Review: ‘The Rising Hawk’

Great Visuals And Strong Fight Choreography Can’t Save This Action Adventure

In 1883, Ukrainian author/poet Ivan Franco wrote the historical fiction “Zakhar Berkut” based on the life of the titular character who was a 90-year-old warrior, who after trying to live a life of peace and tranquility, was forced to led an army against in defense of an invading army of from Mongolia. While the story has been cited for its historical inaccuracies, it still proved to be a source of nationalistic pride for some Ukrainians. Because of the epic-ness of the story, it seems almost ripe for some sort of film adaptation. Ukraine, who normally doesn’t produce many films (usually small dramas, not a blockbuster action flick) partnered with US Based production company CinemaDay to produce The Rising Hawk with a cast of mostly American and British actors.

Set in the 13th Century, Zakhar Berkut (Robert Patrick) and his wife Rada (Alison Doody) lead a village of people in the Carpathian Mountains along with his sons Maksim (Alex MacNicoll) and Ivan (Rocky Meyers). They live a peaceful and tranquil life where they hunt and gather, not necessarily bothering anyone, but that doesn’t mean that trouble doesn’t eventually come and find them. Burunda Khan (Tserenbold Tsegmid), a powerful Mongolian general has been sending his armies westward in search of new lands to conquer and annex, and their village is next on his list.

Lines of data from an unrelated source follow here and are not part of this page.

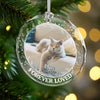 Custom Photo Forever Loved Christmas Glass Ornament Memorial Gift For Cat Lovers TH10 896405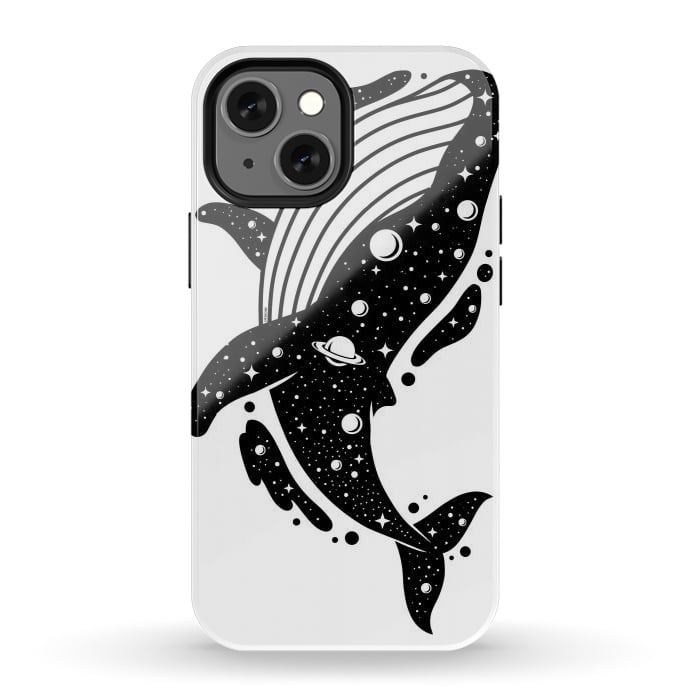 iPhone 12 mini StrongFit Cosmic Whale by LM2Kone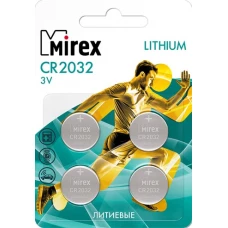 Батарейки Mirex CR2032 4 шт CR2032-E4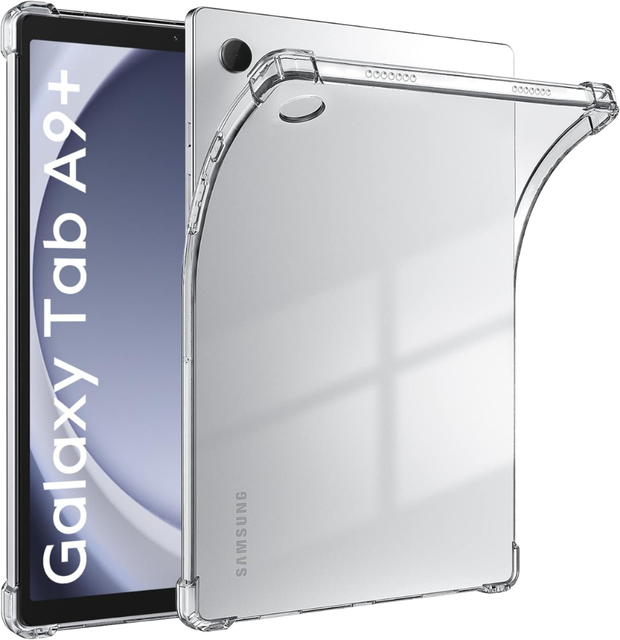 Anjingwls Clear Transparent Slim Shockproof TPU Protective Cover for Tab A9 Plus 11'' 28x18 China Origin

Realizing that their village will not be enough to ward off a strong invading army, Zakhar tasks his sons for an audience with the leader of a nearby village Tugar (Robert Flanagan) to galvanize an alliance and some support. In the process of trying to engage in some politics, Maksim meets Tugar’s daughter Myroslava (Poppy Drayton) while helping save her from a giant bear, and the two young leaders of their respective villages immediately have a connection. However, Tugar looks down on the other village and is reluctant for a partnership. After a very interesting trial by combat (in which Maksim bests Tugar’s champion), the two settlements decide to work together to protect their lands.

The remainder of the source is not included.